The only thing I am left wondering is if I used enough pom juice to give it the flavor I am looking for. I figure I'll just let it ferment dry, and backsweeten a small amount. If it worked, great! If not, I'll backsweeten with another bottle of pomegranate juice.

Thoughts?


----------



## Minnesotamaker (Jan 7, 2011)

The level of pomegranate flavor will be largely subjective. It will really depend on what you are personally looking for. I think you're on the right track with adding additional juice later on if you want more flavor. Keep in mind that volume additions added after fermentation will lower your alcohol content. Some people also report that their batch goes cloudy again when new juice is added, so you may need to factor that possibility into the equasion. Cheers


----------



## Runningwolf (Jan 7, 2011)

savaytse66 said:


> I'll backsweeten with another bottle of pomegranate juice.
> Thoughts?



In addition to what Lon said you'll want to simmer the Pom juice down to about half for your flavor pack and you still will probably have to add more sugar


----------



## savaytse66 (Jan 7, 2011)

I'm sure it's way too early to say for sure, but the pre-fermentation smell of the must is very nice.
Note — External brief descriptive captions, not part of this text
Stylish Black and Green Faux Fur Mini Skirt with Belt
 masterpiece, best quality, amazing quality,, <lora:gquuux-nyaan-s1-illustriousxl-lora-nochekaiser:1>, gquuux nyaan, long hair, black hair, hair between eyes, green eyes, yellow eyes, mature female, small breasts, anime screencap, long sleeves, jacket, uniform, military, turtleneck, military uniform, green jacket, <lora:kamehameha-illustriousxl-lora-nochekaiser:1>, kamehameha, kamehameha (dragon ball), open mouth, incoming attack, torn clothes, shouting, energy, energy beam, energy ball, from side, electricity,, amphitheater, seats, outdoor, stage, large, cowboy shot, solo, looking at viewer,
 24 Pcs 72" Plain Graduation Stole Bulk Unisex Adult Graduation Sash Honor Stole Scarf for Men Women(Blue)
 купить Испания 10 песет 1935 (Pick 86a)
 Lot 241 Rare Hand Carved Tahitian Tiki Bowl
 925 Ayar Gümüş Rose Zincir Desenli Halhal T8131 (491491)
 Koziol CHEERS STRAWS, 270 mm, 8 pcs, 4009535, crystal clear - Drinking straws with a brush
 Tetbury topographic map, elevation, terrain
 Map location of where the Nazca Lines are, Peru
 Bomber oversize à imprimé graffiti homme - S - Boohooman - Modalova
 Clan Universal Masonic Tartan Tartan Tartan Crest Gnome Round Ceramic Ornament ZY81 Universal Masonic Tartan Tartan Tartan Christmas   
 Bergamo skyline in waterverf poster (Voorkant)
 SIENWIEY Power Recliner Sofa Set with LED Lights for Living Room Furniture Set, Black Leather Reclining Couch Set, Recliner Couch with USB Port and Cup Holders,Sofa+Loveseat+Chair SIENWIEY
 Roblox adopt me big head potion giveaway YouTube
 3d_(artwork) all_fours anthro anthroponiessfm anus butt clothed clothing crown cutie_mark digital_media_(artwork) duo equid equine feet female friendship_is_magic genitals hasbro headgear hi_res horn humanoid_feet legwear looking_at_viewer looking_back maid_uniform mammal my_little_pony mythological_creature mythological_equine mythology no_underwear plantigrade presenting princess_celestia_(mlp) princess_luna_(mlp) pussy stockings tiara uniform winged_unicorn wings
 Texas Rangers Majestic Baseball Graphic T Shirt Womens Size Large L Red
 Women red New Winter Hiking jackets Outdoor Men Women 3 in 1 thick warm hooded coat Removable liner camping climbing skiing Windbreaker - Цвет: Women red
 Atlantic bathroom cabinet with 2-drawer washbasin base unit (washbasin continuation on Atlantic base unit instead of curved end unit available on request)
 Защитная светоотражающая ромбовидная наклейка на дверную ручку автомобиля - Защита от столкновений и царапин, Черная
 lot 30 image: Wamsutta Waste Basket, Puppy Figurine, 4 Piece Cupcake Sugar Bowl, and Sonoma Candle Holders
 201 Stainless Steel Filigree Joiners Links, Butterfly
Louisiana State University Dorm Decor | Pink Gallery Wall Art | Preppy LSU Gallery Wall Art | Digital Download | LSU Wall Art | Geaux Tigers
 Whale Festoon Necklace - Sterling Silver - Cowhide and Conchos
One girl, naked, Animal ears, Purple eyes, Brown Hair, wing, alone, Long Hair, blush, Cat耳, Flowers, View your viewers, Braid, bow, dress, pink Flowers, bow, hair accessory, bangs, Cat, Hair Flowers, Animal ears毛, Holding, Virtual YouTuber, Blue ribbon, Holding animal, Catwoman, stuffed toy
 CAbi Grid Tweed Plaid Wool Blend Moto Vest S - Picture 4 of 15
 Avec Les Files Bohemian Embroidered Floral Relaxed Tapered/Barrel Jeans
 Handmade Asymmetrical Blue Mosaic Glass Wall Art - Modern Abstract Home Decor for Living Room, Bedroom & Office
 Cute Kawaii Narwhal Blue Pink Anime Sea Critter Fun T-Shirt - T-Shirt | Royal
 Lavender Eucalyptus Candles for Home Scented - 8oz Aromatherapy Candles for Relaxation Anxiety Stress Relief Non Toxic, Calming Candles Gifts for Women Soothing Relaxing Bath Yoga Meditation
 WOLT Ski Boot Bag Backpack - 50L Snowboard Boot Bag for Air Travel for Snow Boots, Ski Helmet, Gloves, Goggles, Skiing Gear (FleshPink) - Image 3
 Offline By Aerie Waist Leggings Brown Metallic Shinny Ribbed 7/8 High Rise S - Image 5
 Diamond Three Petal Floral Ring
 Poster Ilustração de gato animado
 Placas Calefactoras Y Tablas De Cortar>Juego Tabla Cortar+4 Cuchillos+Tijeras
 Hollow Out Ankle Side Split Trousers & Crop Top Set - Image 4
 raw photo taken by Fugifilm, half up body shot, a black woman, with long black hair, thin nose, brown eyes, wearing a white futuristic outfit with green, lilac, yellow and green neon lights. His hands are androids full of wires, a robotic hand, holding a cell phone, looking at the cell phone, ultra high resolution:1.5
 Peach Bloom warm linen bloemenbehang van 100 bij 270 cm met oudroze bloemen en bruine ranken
It is predominantly lemon for sure, but the pomegranate is detectable, and the must is a very obvious pink. I suspect the final product will look more like a rose wine than anything. Again, it's WAY too early, but I'm optimistic. One of my major complaints with the commercial flavored hard lemonades is that the lemon flavor is all but lost, which may be the brewers' intent. I'm looking for lemonade with a hint of pomegranate, not hard pomegranate.

In regard to Lon's point about the cloudiness, what are anyone's thoughts about adding the juice prior to fining if I do in fact decide to add juice at the end? I would probably treat the juice with a small amount of pectic, add it to the pee 24 hours later, and then let it sit for a week or two. Then I'd fine with either Super-Kleer or Sparkolloid and backsweeten with sugar if needed.

I like the idea, by the way, of reducing the pomegranate juice down to a half or less in order to create more of a concentrated syrup and keep he alcohol near the intended 10%. Thanks for that.


----------



## cst (Nov 4, 2011)

So how did this turn out?


----------